#### What you will do
Copy exactly the stretch of data below from the line with "Levi's × Vintage" through the line with "高級感あふれるデザインのテー", including both of those lines.

#### Records for this exercise
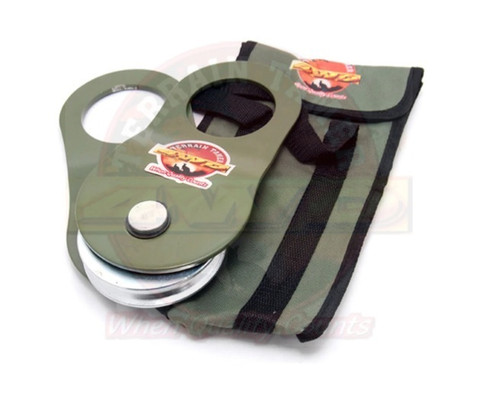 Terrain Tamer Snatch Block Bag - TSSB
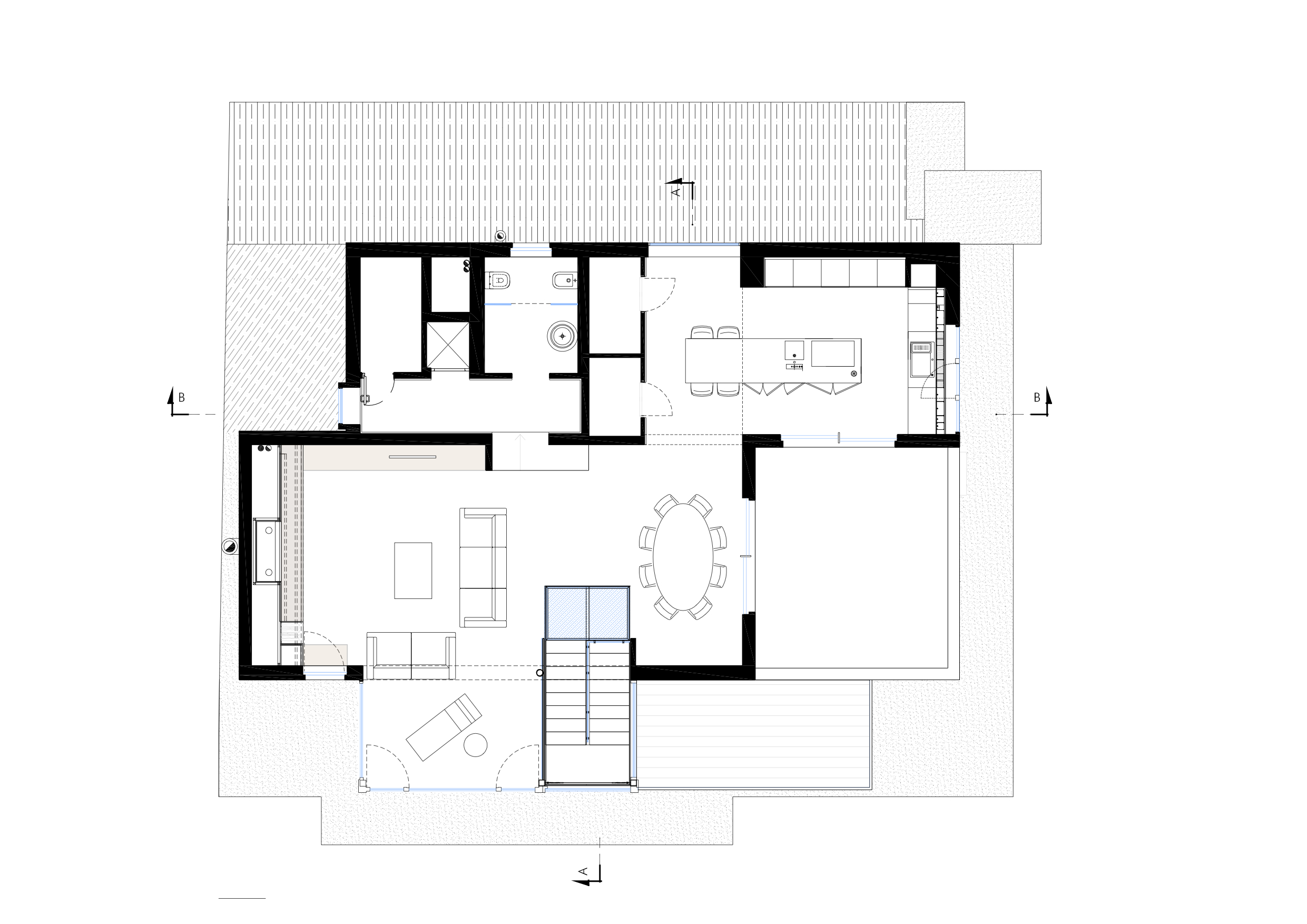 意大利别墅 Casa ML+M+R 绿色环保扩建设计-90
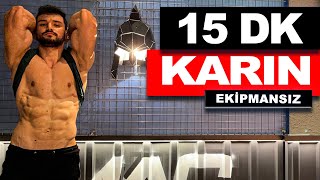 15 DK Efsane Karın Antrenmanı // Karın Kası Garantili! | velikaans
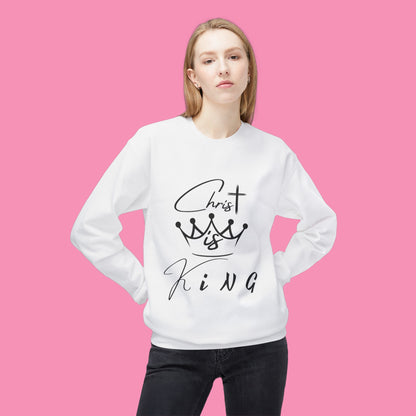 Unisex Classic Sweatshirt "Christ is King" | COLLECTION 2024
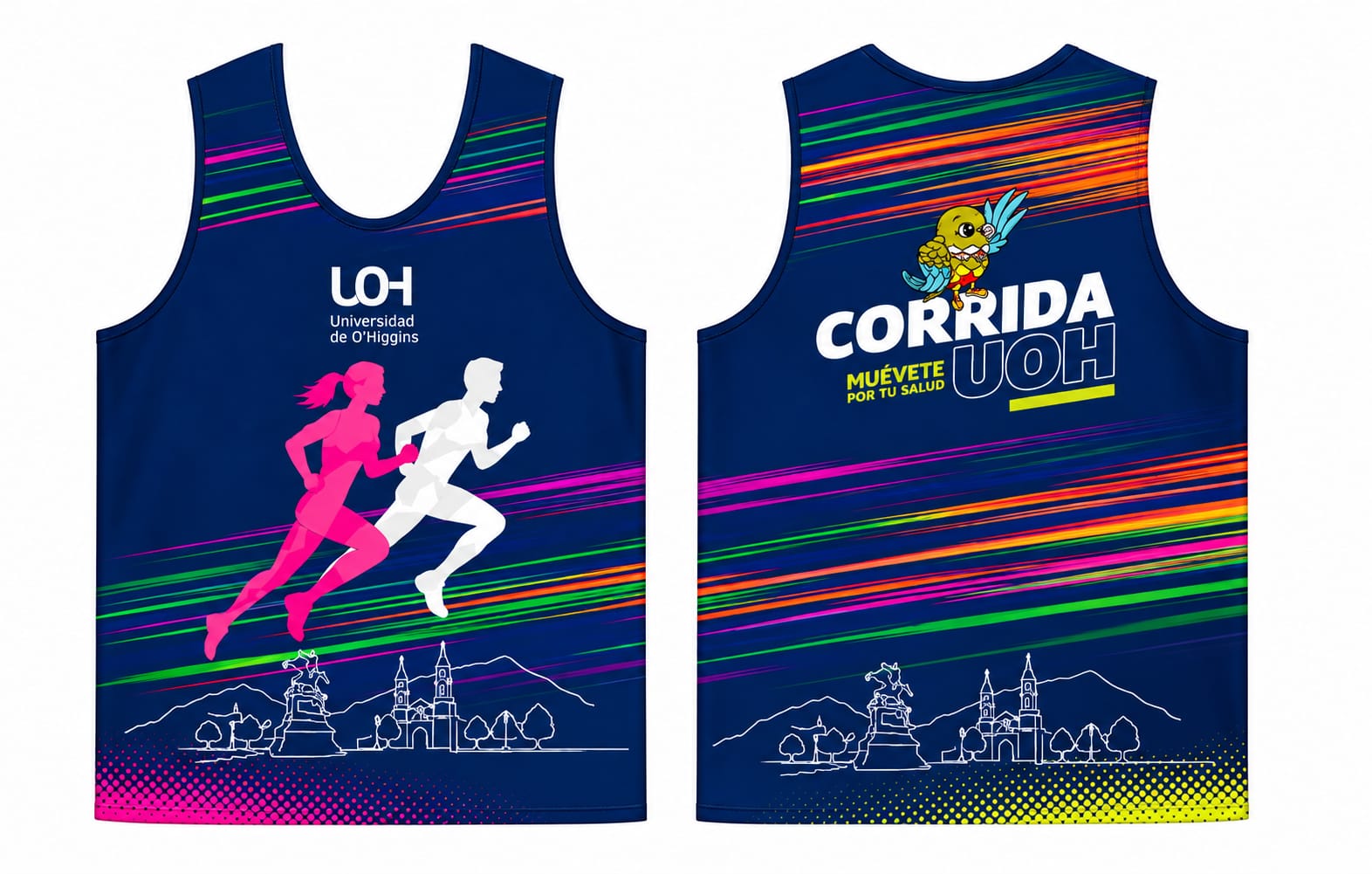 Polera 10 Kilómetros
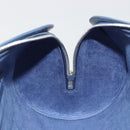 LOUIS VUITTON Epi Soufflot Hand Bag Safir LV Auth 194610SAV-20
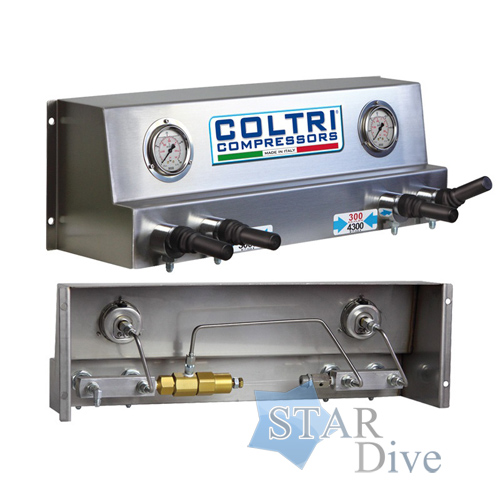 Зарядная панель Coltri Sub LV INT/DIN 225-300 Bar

==

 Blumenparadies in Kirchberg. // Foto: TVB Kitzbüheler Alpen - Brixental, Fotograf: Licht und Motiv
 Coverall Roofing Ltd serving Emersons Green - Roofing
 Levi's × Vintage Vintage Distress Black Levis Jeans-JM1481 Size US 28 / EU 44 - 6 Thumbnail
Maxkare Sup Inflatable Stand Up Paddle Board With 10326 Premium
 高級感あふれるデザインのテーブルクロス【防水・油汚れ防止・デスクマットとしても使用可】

==

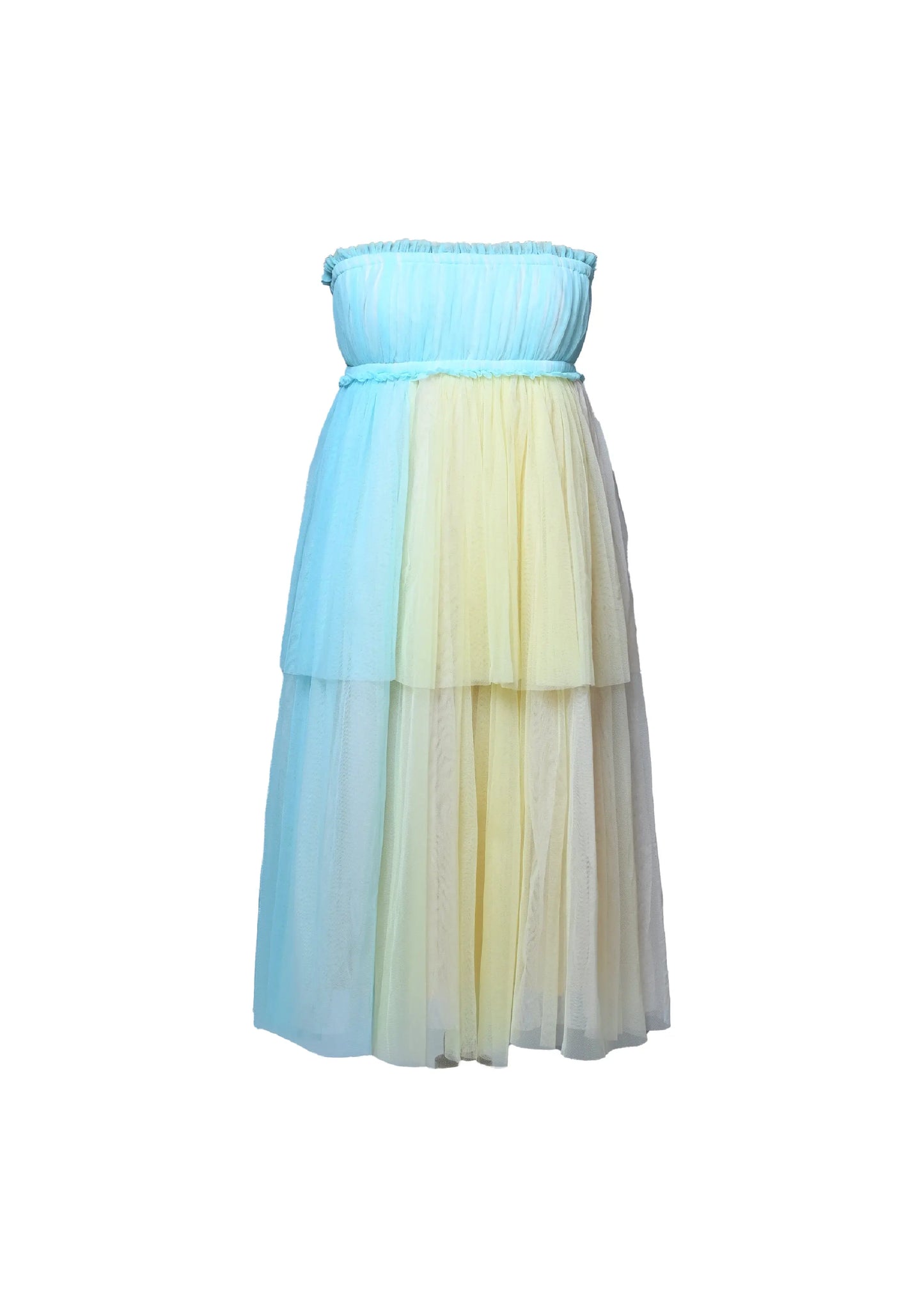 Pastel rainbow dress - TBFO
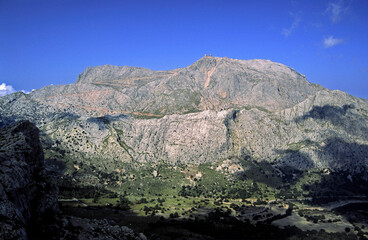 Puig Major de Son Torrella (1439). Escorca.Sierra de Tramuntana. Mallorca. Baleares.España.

#### Response to the exercise
 Levi's × Vintage Vintage Distress Black Levis Jeans-JM1481 Size US 28 / EU 44 - 6 Thumbnail
Maxkare Sup Inflatable Stand Up Paddle Board With 10326 Premium
 高級感あふれるデザインのテーブルクロス【防水・油汚れ防止・デスクマットとしても使用可】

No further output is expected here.